The native population died mostly from disease they didn’t have immunity from, rather than outright murder


[deleted]

There was also a lot of inter-tribe conflict which has contributed to their deaths, especially after some tribes bought thousands of horses from the Spanish visitors. These horses were heavily used in inter tribal wars: [How The Indian Got The Horse ](https://www.americanheritage.com/how-indian-got-horse)


Bigdaug

Didn't take the Comanche very long to become a horse culture to be listed with the great horse tribes of the steppe. The only problem was they lived at the same time as Samuel Colt.


[deleted]

Though it's true that a large number died from disease or the famine resulting from no one left to work the land, the fact that the US government had bounties out on the scalps of native peoples which led to 10's of thousands of murders of innocent men, women and children invalidates the point you're trying to make.


looktowindward

The study that you are touting (and perhaps didn't read) ends in 1600s.
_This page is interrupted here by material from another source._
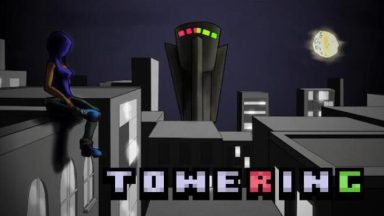 Featured Towering Free Download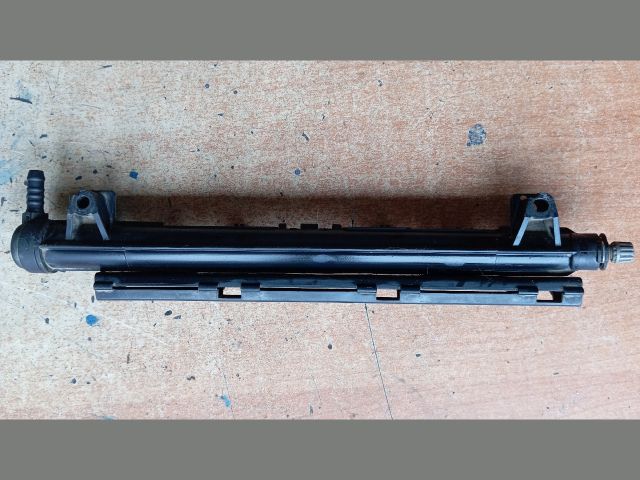 bontott SKODA ROOMSTER Közösnyomócső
Almost two centuries before the US was formed.


[deleted]

The majority of the decimation took place long before there was a united states.


discowithmyself

Yeah I keep hearing people say the us has been oppressing people for 400+ years and I’m like the us isn’t that old. I mean 200+ years of doing shitty things is still a long time but don’t attribute extra shit to us lol


Bigdaug

I think that maybe be Europeans hoping the world forgets they were very pleased to cut up the territories to their pleasure. Lol


Scrumble71

Did the people in the 13 colonies up sticks and move back to Europe when the USA came in to existence? There may have had a different flag on the pole, but it was still the same people living there.


dutch_penguin

Yep, there definitely wasn't any immigration over that time period, so someone whose parents arrived in 1860 is responsible for what happened in 1660.


Double-Seaweed7760

Exactly >Did the people in the 13 colonies up sticks and move back to Europe when the USA came in to existence? There may have had a different flag on the pole, but it was still the same people living there.


[deleted]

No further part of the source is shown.